Penggunaan interjeksi semakin menonjol dalam berbagai ruang komunikasi modern—baik di media sosial maupun media cetak seperti pamflet, poster, dan majalah. Fenomena ini terlihat sejak meningkatnya intensitas komunikasi digital pada 2024–2025. Menurut Laporan Survei Internet APJII 2024, pengguna internet Indonesia meningkat hingga 79,5%, sehingga masyarakat semakin terbiasa berkomunikasi dengan bentuk bahasa yang singkat namun ekspresif. Ungkapan seperti “loh!”, “hah?”, “duh!”, “wow!” kini muncul sebagai penanda emosi yang mudah dikenali pembaca.
Kecenderungan ini muncul terutama di kalangan remaja dan dewasa muda yang aktif menggunakan media digital. Namun, interjeksi juga mulai dipakai dalam materi publik untuk menarik perhatian pembaca, misalnya pamflet kesehatan yang dibuka dengan kata “Awas!” atau poster kampanye yang menggunakan “Stop!” sebagai judul besar. Menurut Maya, mahasiswa Sastra Indonesia Universitas Jenderal Soedirman (Unsoed), yang ditemui pada Selasa (25/11), “Interjeksi itu efektif karena langsung mengenai rasa. Pembaca tahu nada penulis hanya dari satu kata.”

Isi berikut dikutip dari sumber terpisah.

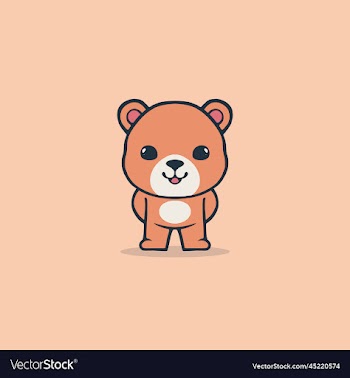cute bear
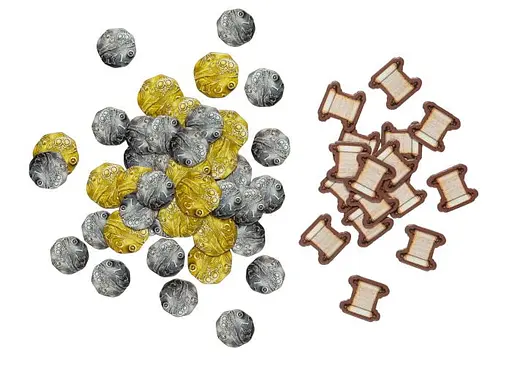 Настільна гра Kilogames Хора. Розквіт імперії (Khora. Rise of Empire) (укр.) (KG-2640) - фото 14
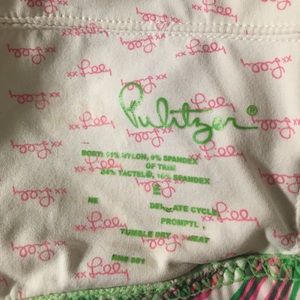 Lilly Pulitzer Bandeau Top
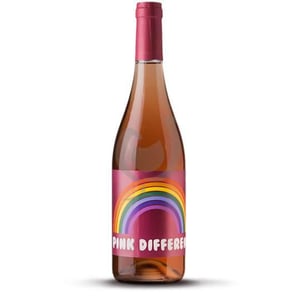 Pink Different - De Vini - Vini Libre - christophe-bosque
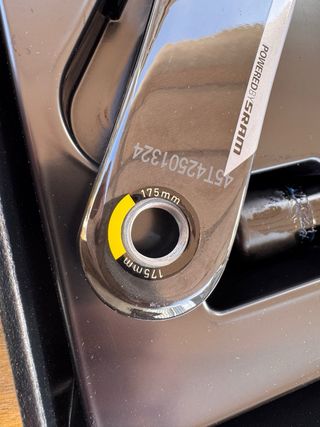 Bielas Sram Quarq DUB V2 Carbono NUEVAS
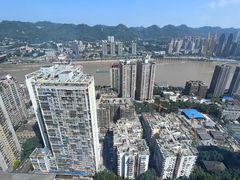 -闲隅江景艺术酒店(解放碑洪崖洞总店)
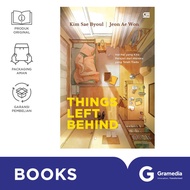 THINGS LEFT BEHIND: HAL-HAL YANG KITA PELAJARI DARI MEREKA Y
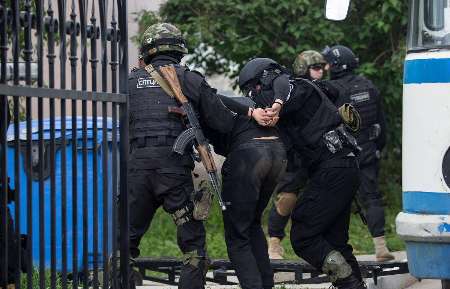 شش تروریست داعشی در مسكو دستگیر شدند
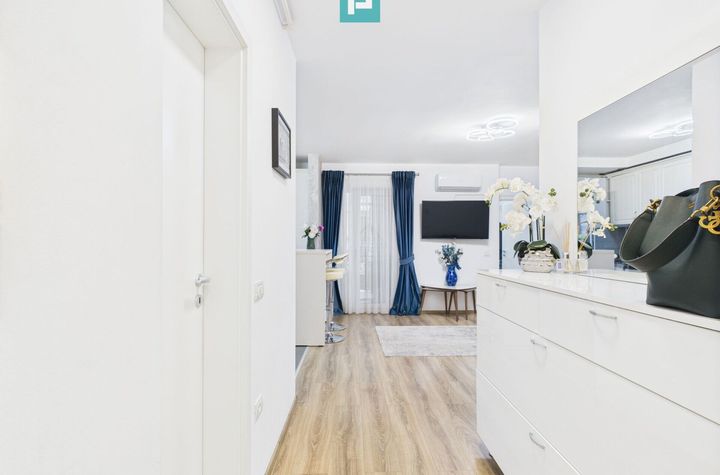 Apartament modern cu 3 camere - Calea Aradului anunturi imobiliare Timis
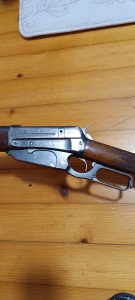 Winchester 1895  7,62x54R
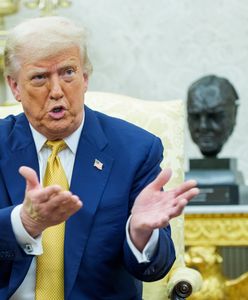 Trump cierpi na przewlekłą niewydolność żylną. Jest oświadczenie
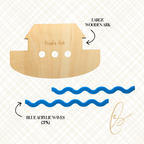 Noah's Ark Story Kit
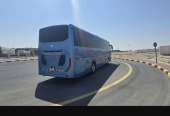 49 SEATER SUPER LUXURY COACH TOURISM TRANSPORT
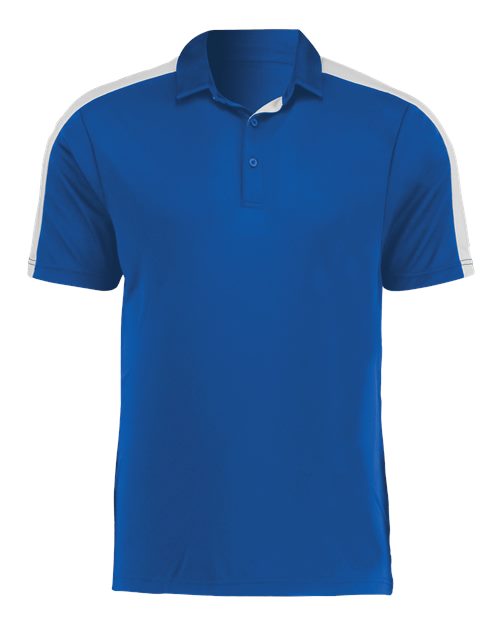 Men's Two-Tone Vital Polo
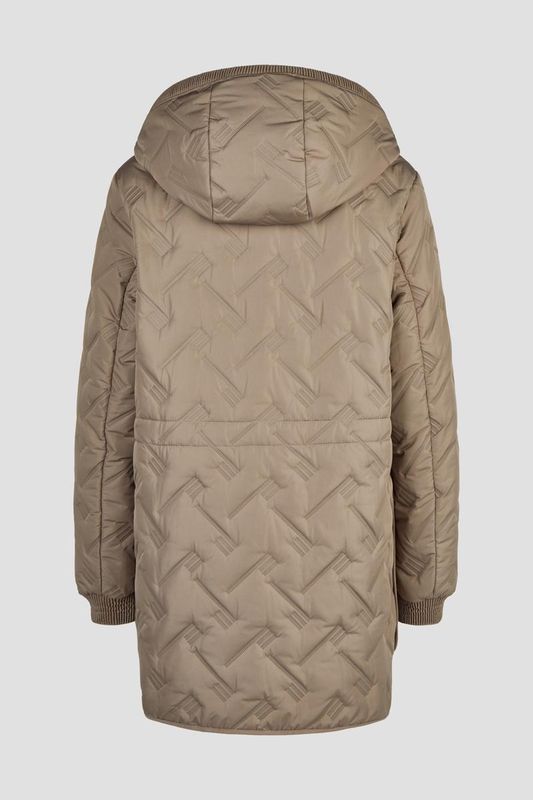 Barbara Lebek Winterjas Bruin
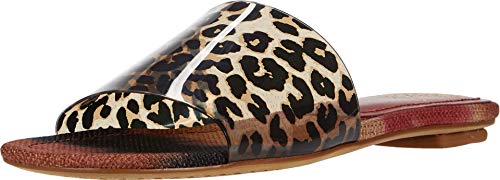 Vince Camuto Prtindal Gypsy Stripe/Natural Multi 8 M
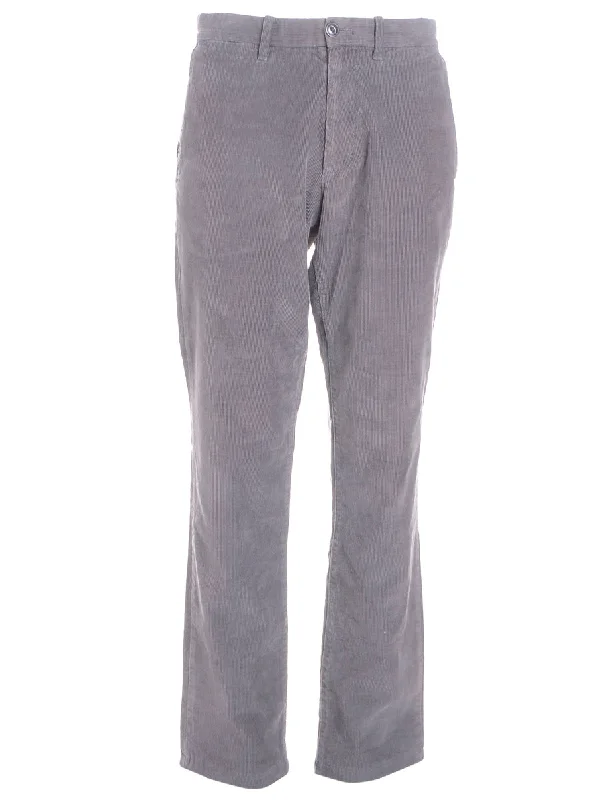 Label Harry Corduroy Trousers Trousers Review Highly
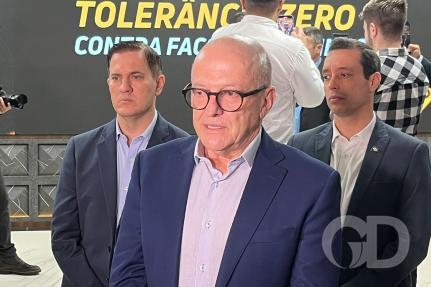 ‘Discutir candidatura só atrapalha o trabalho’, avalia vice para evitar especulações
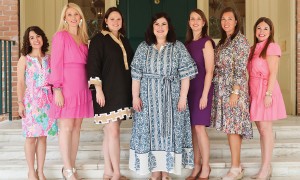 Dionella Martinez, Lisa Houssiere, Elizabeth Robinson Kendrick, Amanda Hanks Bayles, Laura Whitten, Mary Lee Wilkens, Laura Thompson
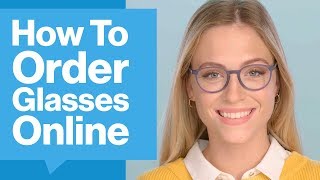 How To Buy Glasses Online At GlassesUSAcom [upl. by Nesilla97]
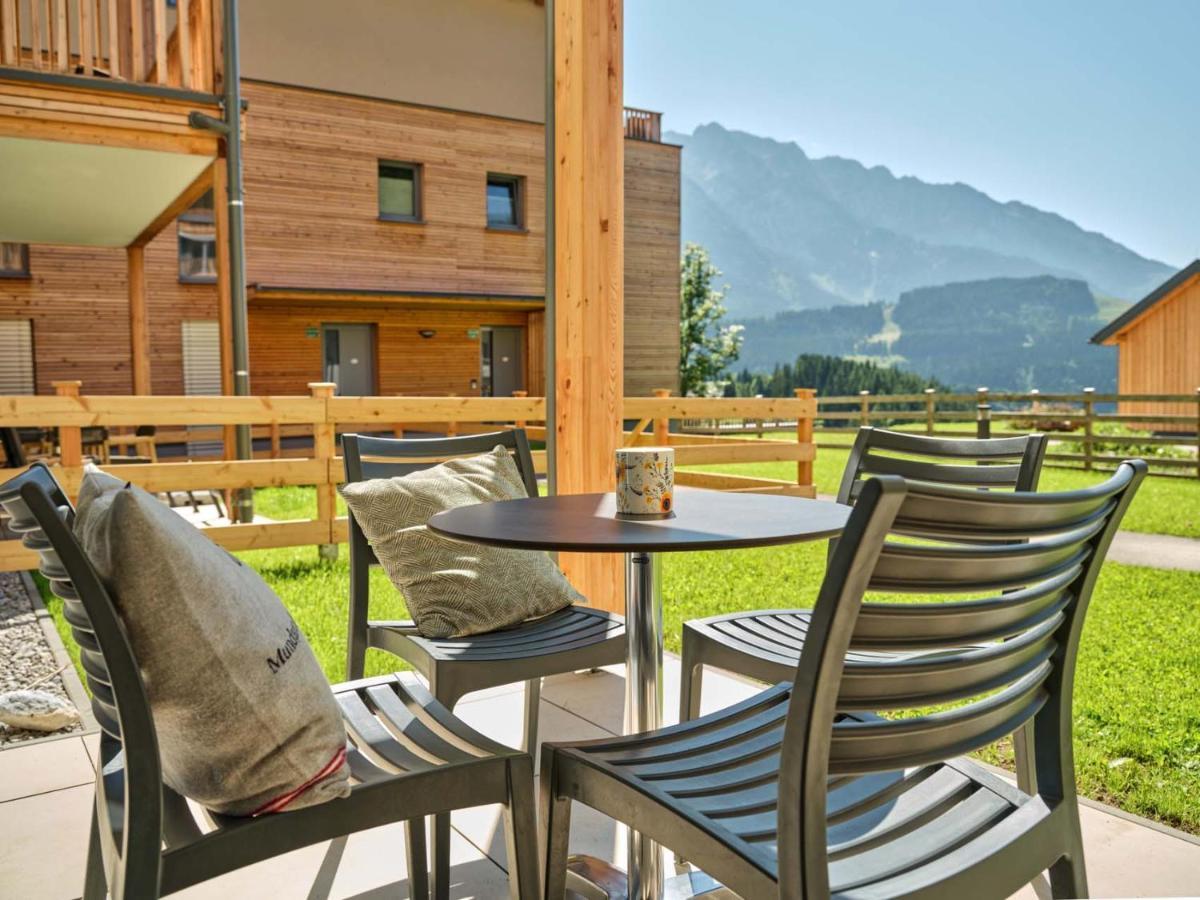 Die Tauplitz Lodges - Wasserfall Lodge C1 By Aa Holiday Homes מראה חיצוני תמונה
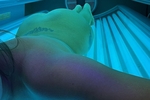 Tanning bed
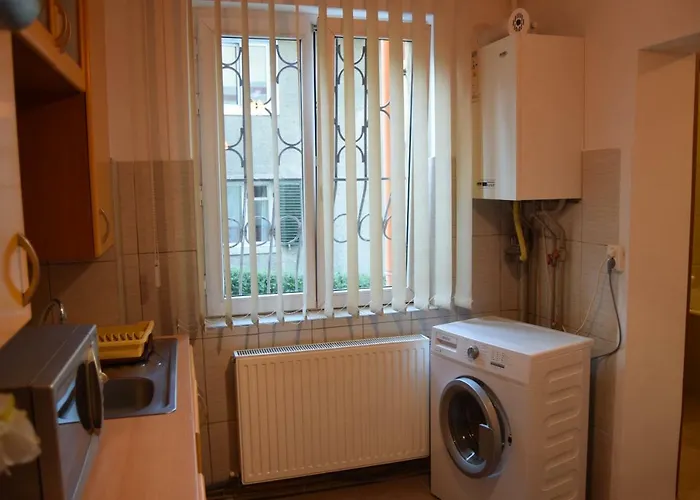 Apartment St's Martin Church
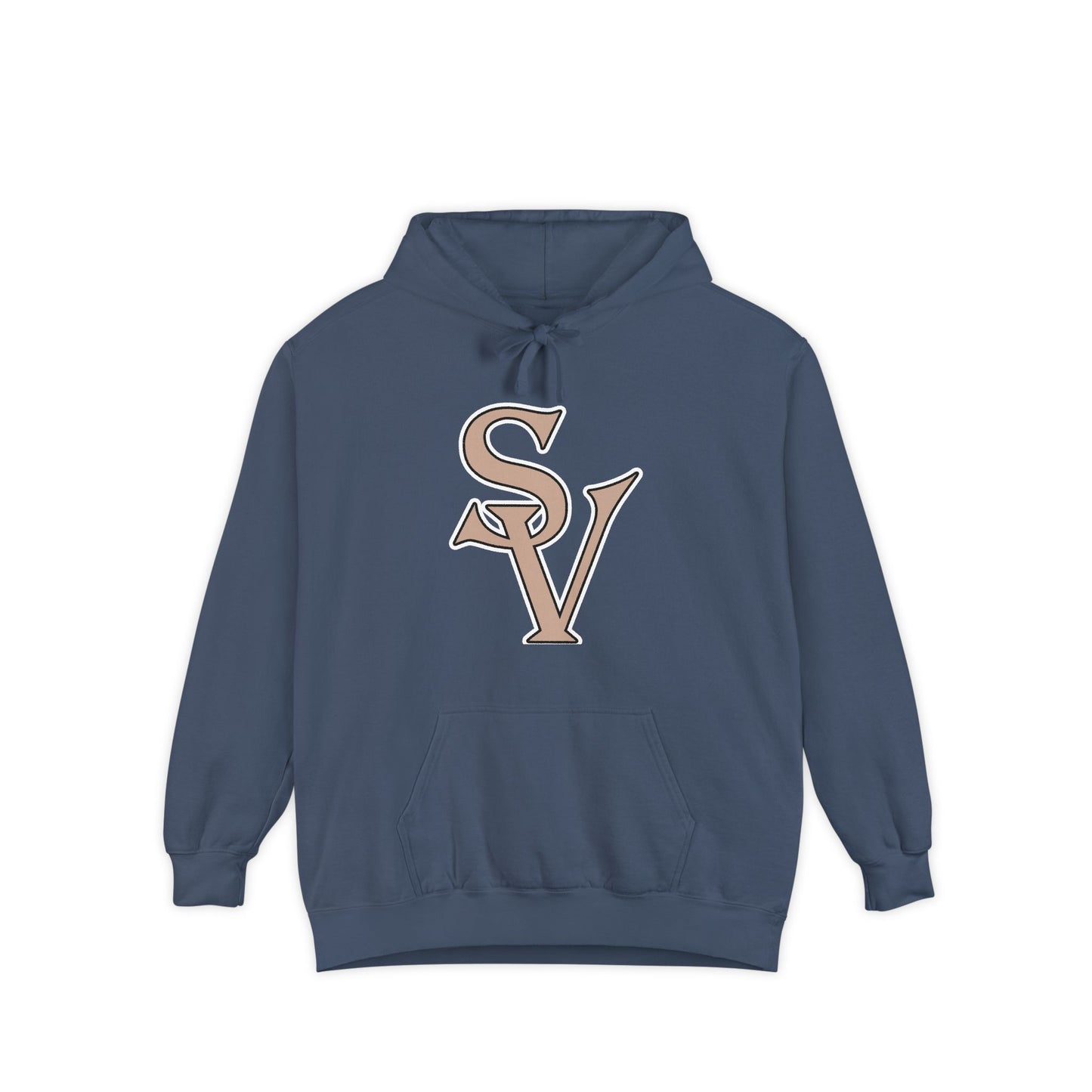 Heavyweight Garment-Dyed Hoodie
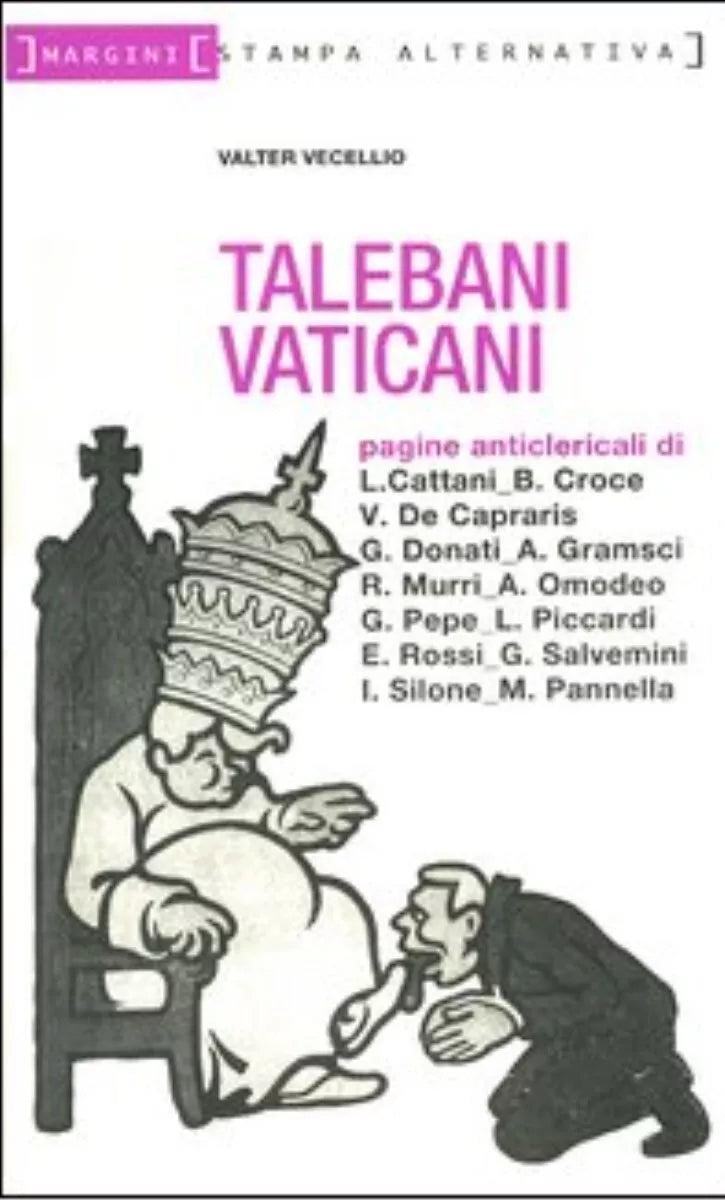 Talebani vaticani di V Vecellio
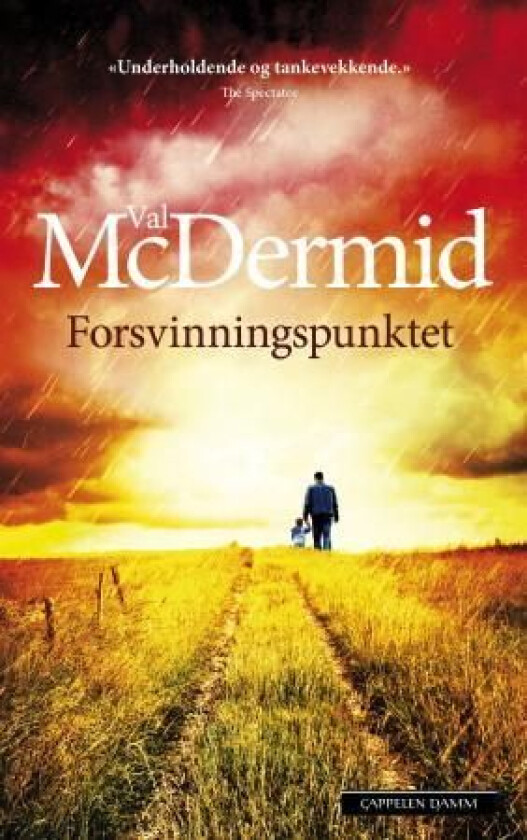 Forsvinningspunktet av Val McDermid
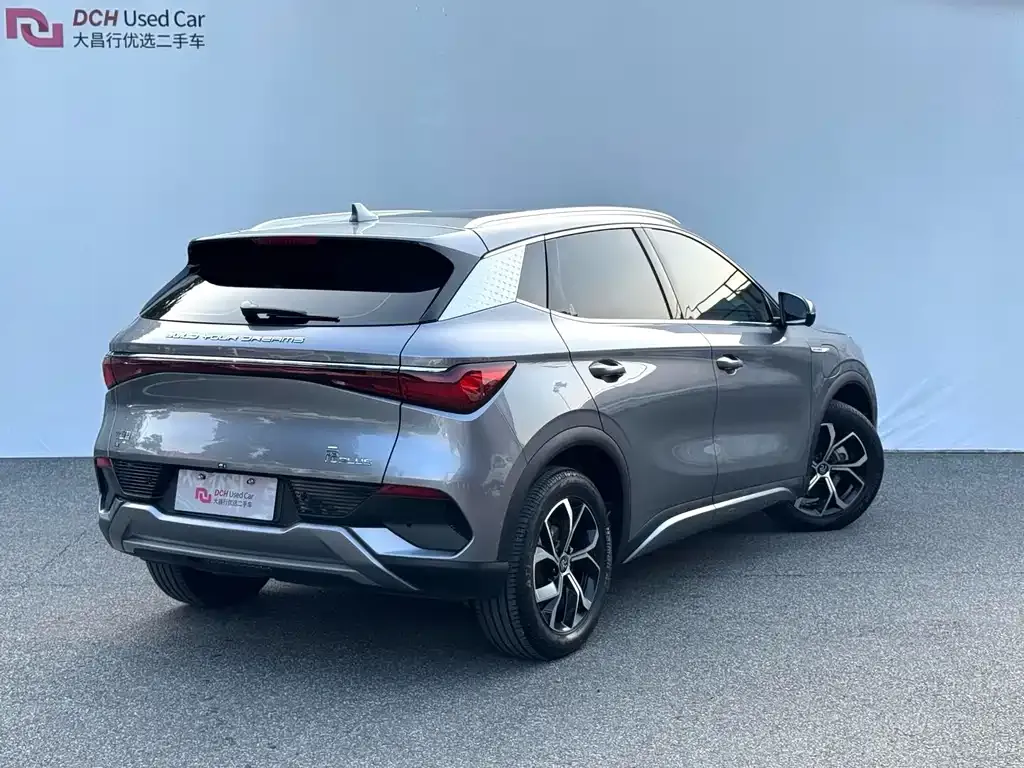 BYD Yuan Plus 2022 из CN, фото 5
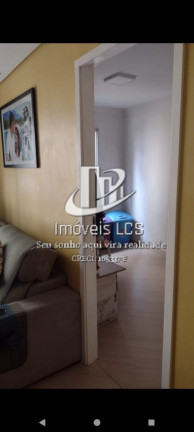 Imagem Apartamento com 3 Quartos à Venda, 52 m² em Santa Maria - Osasco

Di media cetak, interjeksi sering diperkuat dengan tipografi tebal atau warna mencolok. Sementara di ranah digital, penggunaannya membentuk identitas linguistik generasi muda yang cenderung spontan dan santai. Meski begitu, pemilihan interjeksi tetap harus mempertimbangkan konteks agar tidak terkesan agresif atau kurang sopan—selaras dengan prinsip etika dalam komunikasi publik.
Perkembangan ini menegaskan bahwa interjeksi bukan lagi sekadar “kata spontan”, melainkan unsur penting dalam membangun kedekatan dan emosi dalam pesan. Di tengah arus literasi digital, interjeksi menjadi benang kecil yang membuat percakapan terasa lebih hidup, jelas, dan mudah dipahami pembaca dari berbagai media.